Put it to work

Custom actions

Build your own tools: the agent collects inputs, calls your endpoint, and speaks the response.

A custom action is a tool you define yourself. You describe when the agent should use it and which inputs to collect; during a chat the agent gathers those inputs conversationally, calls your endpoint, and speaks the response back to the visitor. You can create up to ten per agent on the Integrations tab → Custom actions.

Anatomy of an action

  • Name — snake_case, e.g. get_quote. This is the tool name the model sees and the name you reference in Instructions. Built-in names (book_meeting, create_ticket…) are reserved.
  • Description — the single most important field. The agent decides to call the action purely from this text, so write it like you'd brief a new employee: "Look up the status of an order when the visitor gives an order number."
  • Method & endpointPOST (JSON body) or GET (inputs become query parameters). HTTPS only.
  • Body shape (POST) — wrapped: { "action", "agent", "conversationId", "fields": {…} }, or flat: just the fields object, for endpoints you don't control.
  • Headers — extra request headers (API versions, content hints). Not treated as secrets — put credentials in the bearer token instead, which is stored server-side and sent as Authorization: Bearer ….
  • Inputs — each becomes a field the agent fills before calling. Mark the ones it must always collect as required; describe each one so the agent knows what a valid value looks like.
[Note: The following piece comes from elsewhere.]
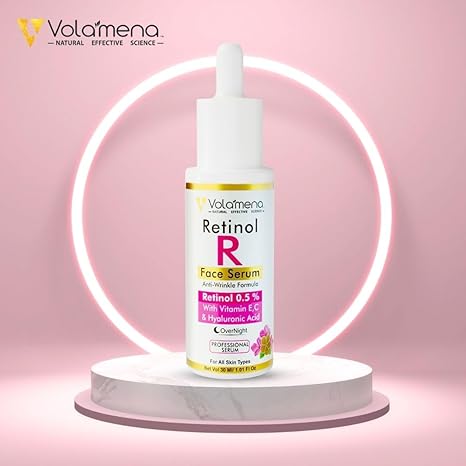 Volamena Professional Retinol Serum For Face - 30 ml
How the agent collects the inputs

You don't script the questions. Each input becomes a parameter of the tool, and the agent can't call your endpoint until it has the required ones — so it asks the visitor for them naturally, in conversation, in the visitor's own language. Two things steer it:

  • The action description tells it when to start ("Look up an order's status when the visitor asks where their order is.").
  • Each input's description tells it what to ask for and what a valid answer looks like.

A required input is a gate: the agent keeps talking until it has a valid value before calling. An optional input is included only if the visitor happens to provide it.

Worked example. Action get_order_status, method GET, endpoint https://api.yourstore.com/orders, with two required inputs — order_number ("The visitor's order number, e.g. #1024") and email ("The email used at checkout"):

Visitor:  where's my order?
Agent:    Happy to check — what's your order number?
Visitor:  1024
Agent:    Thanks. And the email you used at checkout?
Visitor:  sam@example.com
Agent:    Your order #1024 shipped yesterday and should arrive Thursday.

Once the visitor gives the email, the agent has both required inputs and calls GET …/orders?order_number=1024&email=sam@example.com. It asked for both because they're required, and one at a time because that's natural — not because you scripted it. Make each input's description specific (vague descriptions make the agent ask vague questions), and if you want to guarantee it never calls with something missing, reinforce it in the agent's Instructions: "Never call get_order_status without both the order number and the checkout email — if either is missing, ask for it."

What your endpoint should return

Reply within 10 seconds. The agent speaks whatever you return:

  • JSON with a message (or reply) string — "Your quote is €120, valid 30 days." — is spoken back through the agent's own voice.
  • Any other JSON (an object or array without message) is handed to the agent as data — up to ~1,800 characters — so it can answer from the actual payload. For big collections, prefer an endpoint that returns the one item asked about rather than the whole list.
  • Anything else is passed through as plain text (first 1,800 characters).
  • A non-2xx status makes the agent apologise gracefully — the visitor never sees a raw error.

Test it before you ship it

Open the agent's Playground tab, pick your action, type the inputs by hand and run it — you'll see the exact text the model would receive, including your endpoint's real response. The lead webhook can be tested the same way.